> _Extracted records_
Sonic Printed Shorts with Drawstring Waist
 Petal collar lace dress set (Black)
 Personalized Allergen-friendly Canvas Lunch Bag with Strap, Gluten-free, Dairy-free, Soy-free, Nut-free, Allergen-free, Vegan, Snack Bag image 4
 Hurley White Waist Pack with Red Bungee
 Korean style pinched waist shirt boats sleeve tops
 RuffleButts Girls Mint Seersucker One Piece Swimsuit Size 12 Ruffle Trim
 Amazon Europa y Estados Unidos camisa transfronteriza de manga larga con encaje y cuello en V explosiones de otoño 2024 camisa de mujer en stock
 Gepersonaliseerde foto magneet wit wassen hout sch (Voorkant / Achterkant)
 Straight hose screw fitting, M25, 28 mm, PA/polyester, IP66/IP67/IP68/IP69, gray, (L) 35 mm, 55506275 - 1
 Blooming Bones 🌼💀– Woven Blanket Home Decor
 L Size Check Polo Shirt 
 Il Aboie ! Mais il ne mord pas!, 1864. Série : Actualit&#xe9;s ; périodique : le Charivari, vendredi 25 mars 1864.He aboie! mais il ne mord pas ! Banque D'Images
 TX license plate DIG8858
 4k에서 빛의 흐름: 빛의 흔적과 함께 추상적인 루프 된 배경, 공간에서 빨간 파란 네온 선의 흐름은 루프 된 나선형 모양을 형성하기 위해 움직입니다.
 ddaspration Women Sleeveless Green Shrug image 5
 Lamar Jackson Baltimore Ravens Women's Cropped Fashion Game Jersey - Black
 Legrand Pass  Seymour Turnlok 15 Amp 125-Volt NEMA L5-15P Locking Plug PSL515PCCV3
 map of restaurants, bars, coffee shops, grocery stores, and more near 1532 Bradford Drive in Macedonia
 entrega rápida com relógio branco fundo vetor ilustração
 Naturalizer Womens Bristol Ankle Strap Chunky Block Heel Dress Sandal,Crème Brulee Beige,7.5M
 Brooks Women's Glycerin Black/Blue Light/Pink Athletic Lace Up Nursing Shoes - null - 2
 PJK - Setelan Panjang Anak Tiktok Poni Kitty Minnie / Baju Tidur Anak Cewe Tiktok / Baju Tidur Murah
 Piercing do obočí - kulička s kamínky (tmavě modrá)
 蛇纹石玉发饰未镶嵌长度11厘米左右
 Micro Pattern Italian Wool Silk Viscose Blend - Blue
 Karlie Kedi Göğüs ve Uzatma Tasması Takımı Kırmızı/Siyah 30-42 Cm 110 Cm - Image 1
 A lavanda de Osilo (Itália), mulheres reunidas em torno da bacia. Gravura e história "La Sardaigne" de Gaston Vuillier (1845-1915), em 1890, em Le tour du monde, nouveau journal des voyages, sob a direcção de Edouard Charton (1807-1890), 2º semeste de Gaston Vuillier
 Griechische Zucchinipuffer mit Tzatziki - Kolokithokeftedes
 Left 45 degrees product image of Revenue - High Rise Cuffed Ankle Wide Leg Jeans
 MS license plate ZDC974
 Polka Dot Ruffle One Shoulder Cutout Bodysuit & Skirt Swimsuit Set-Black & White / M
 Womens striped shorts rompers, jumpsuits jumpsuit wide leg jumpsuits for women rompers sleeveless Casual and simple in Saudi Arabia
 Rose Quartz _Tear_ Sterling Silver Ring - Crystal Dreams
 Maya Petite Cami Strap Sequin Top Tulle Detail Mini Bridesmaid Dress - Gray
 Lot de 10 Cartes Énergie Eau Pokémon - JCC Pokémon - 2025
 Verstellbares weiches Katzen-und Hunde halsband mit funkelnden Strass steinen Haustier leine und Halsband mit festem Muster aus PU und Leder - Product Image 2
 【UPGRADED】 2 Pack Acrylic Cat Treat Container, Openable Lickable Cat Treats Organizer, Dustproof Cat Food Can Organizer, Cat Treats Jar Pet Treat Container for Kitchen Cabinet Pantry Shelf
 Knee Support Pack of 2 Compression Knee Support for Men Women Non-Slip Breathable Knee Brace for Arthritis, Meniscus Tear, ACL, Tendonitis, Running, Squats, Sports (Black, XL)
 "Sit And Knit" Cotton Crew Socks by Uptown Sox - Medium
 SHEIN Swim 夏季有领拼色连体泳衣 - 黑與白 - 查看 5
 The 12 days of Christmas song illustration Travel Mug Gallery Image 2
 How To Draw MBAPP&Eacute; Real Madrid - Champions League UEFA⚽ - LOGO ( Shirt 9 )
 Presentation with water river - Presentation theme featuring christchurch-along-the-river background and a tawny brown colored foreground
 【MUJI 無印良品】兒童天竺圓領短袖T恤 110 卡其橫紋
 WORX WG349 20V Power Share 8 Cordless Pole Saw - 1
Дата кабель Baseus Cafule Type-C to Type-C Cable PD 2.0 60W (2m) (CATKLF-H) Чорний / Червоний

> _The task_
Your response should consist of the records, printed exactly.

> _Your response_
Sonic Printed Shorts with Drawstring Waist
 Petal collar lace dress set (Black)
 Personalized Allergen-friendly Canvas Lunch Bag with Strap, Gluten-free, Dairy-free, Soy-free, Nut-free, Allergen-free, Vegan, Snack Bag image 4
 Hurley White Waist Pack with Red Bungee
 Korean style pinched waist shirt boats sleeve tops
 RuffleButts Girls Mint Seersucker One Piece Swimsuit Size 12 Ruffle Trim
 Amazon Europa y Estados Unidos camisa transfronteriza de manga larga con encaje y cuello en V explosiones de otoño 2024 camisa de mujer en stock
 Gepersonaliseerde foto magneet wit wassen hout sch (Voorkant / Achterkant)
 Straight hose screw fitting, M25, 28 mm, PA/polyester, IP66/IP67/IP68/IP69, gray, (L) 35 mm, 55506275 - 1
 Blooming Bones 🌼💀– Woven Blanket Home Decor
 L Size Check Polo Shirt 
 Il Aboie ! Mais il ne mord pas!, 1864. Série : Actualit&#xe9;s ; périodique : le Charivari, vendredi 25 mars 1864.He aboie! mais il ne mord pas ! Banque D'Images
 TX license plate DIG8858
 4k에서 빛의 흐름: 빛의 흔적과 함께 추상적인 루프 된 배경, 공간에서 빨간 파란 네온 선의 흐름은 루프 된 나선형 모양을 형성하기 위해 움직입니다.
 ddaspration Women Sleeveless Green Shrug image 5
 Lamar Jackson Baltimore Ravens Women's Cropped Fashion Game Jersey - Black
 Legrand Pass  Seymour Turnlok 15 Amp 125-Volt NEMA L5-15P Locking Plug PSL515PCCV3
 map of restaurants, bars, coffee shops, grocery stores, and more near 1532 Bradford Drive in Macedonia
 entrega rápida com relógio branco fundo vetor ilustração
 Naturalizer Womens Bristol Ankle Strap Chunky Block Heel Dress Sandal,Crème Brulee Beige,7.5M
 Brooks Women's Glycerin Black/Blue Light/Pink Athletic Lace Up Nursing Shoes - null - 2
 PJK - Setelan Panjang Anak Tiktok Poni Kitty Minnie / Baju Tidur Anak Cewe Tiktok / Baju Tidur Murah
 Piercing do obočí - kulička s kamínky (tmavě modrá)
 蛇纹石玉发饰未镶嵌长度11厘米左右
 Micro Pattern Italian Wool Silk Viscose Blend - Blue
 Karlie Kedi Göğüs ve Uzatma Tasması Takımı Kırmızı/Siyah 30-42 Cm 110 Cm - Image 1
 A lavanda de Osilo (Itália), mulheres reunidas em torno da bacia. Gravura e história "La Sardaigne" de Gaston Vuillier (1845-1915), em 1890, em Le tour du monde, nouveau journal des voyages, sob a direcção de Edouard Charton (1807-1890), 2º semeste de Gaston Vuillier
 Griechische Zucchinipuffer mit Tzatziki - Kolokithokeftedes
 Left 45 degrees product image of Revenue - High Rise Cuffed Ankle Wide Leg Jeans
 MS license plate ZDC974
 Polka Dot Ruffle One Shoulder Cutout Bodysuit & Skirt Swimsuit Set-Black & White / M
 Womens striped shorts rompers, jumpsuits jumpsuit wide leg jumpsuits for women rompers sleeveless Casual and simple in Saudi Arabia
 Rose Quartz _Tear_ Sterling Silver Ring - Crystal Dreams
 Maya Petite Cami Strap Sequin Top Tulle Detail Mini Bridesmaid Dress - Gray
 Lot de 10 Cartes Énergie Eau Pokémon - JCC Pokémon - 2025
 Verstellbares weiches Katzen-und Hunde halsband mit funkelnden Strass steinen Haustier leine und Halsband mit festem Muster aus PU und Leder - Product Image 2
 【UPGRADED】 2 Pack Acrylic Cat Treat Container, Openable Lickable Cat Treats Organizer, Dustproof Cat Food Can Organizer, Cat Treats Jar Pet Treat Container for Kitchen Cabinet Pantry Shelf
 Knee Support Pack of 2 Compression Knee Support for Men Women Non-Slip Breathable Knee Brace for Arthritis, Meniscus Tear, ACL, Tendonitis, Running, Squats, Sports (Black, XL)
 "Sit And Knit" Cotton Crew Socks by Uptown Sox - Medium
 SHEIN Swim 夏季有领拼色连体泳衣 - 黑與白 - 查看 5
 The 12 days of Christmas song illustration Travel Mug Gallery Image 2
 How To Draw MBAPP&Eacute; Real Madrid - Champions League UEFA⚽ - LOGO ( Shirt 9 )
 Presentation with water river - Presentation theme featuring christchurch-along-the-river background and a tawny brown colored foreground
 【MUJI 無印良品】兒童天竺圓領短袖T恤 110 卡其橫紋
 WORX WG349 20V Power Share 8 Cordless Pole Saw - 1
Дата кабель Baseus Cafule Type-C to Type-C Cable PD 2.0 60W (2m) (CATKLF-H) Чорний / Червоний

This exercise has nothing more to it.